> [WHAT YOU HAVE TO DO]: Take the entries below and reproduce exactly the portion that begins at the line containing "Lionet Paws 2pcs" and ends at the line containing "Front Photo Of", keeping both ends, dropping pictures, and adding nothing else.

> [EXERCISE MATERIALS]:
==============================

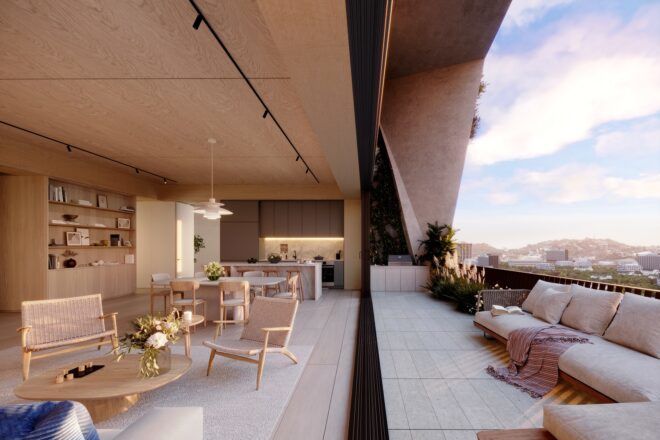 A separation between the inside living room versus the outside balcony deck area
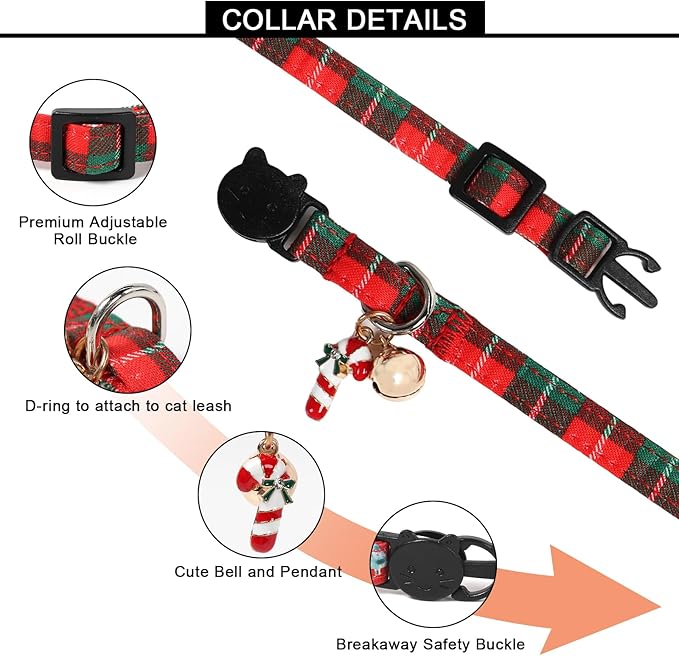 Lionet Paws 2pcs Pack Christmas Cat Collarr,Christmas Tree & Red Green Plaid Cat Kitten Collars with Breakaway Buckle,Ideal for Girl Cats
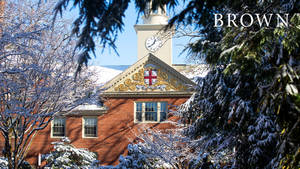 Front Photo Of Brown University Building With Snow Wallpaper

==============================

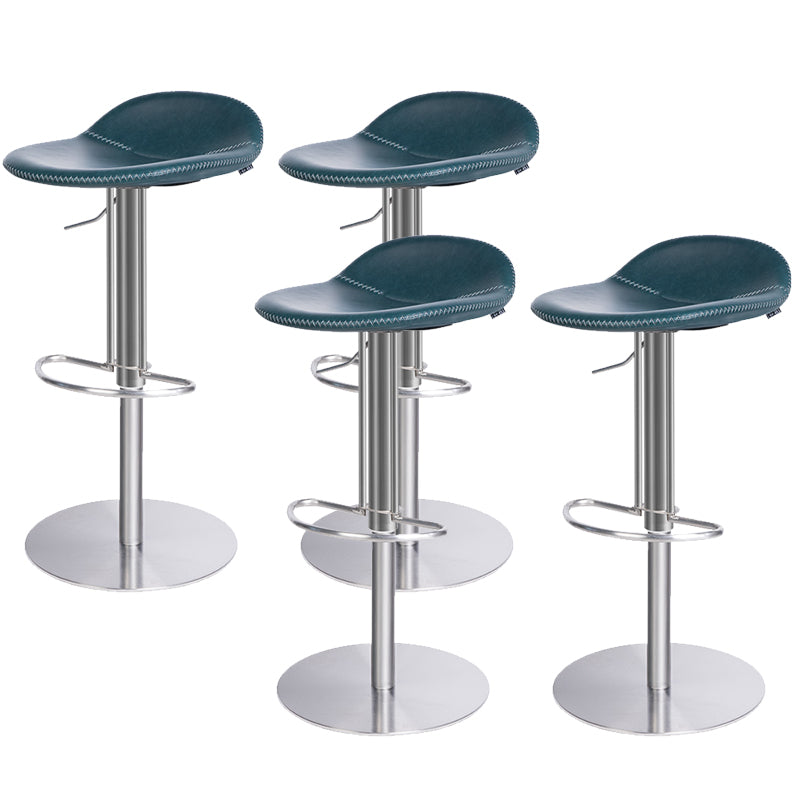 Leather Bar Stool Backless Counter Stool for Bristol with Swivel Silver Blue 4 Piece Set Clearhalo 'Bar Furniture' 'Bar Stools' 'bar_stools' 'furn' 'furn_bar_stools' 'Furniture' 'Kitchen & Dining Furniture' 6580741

==============================

> [RESULT FOR THIS TASK]:
 Lionet Paws 2pcs Pack Christmas Cat Collarr,Christmas Tree & Red Green Plaid Cat Kitten Collars with Breakaway Buckle,Ideal for Girl Cats
 Front Photo Of Brown University Building With Snow Wallpaper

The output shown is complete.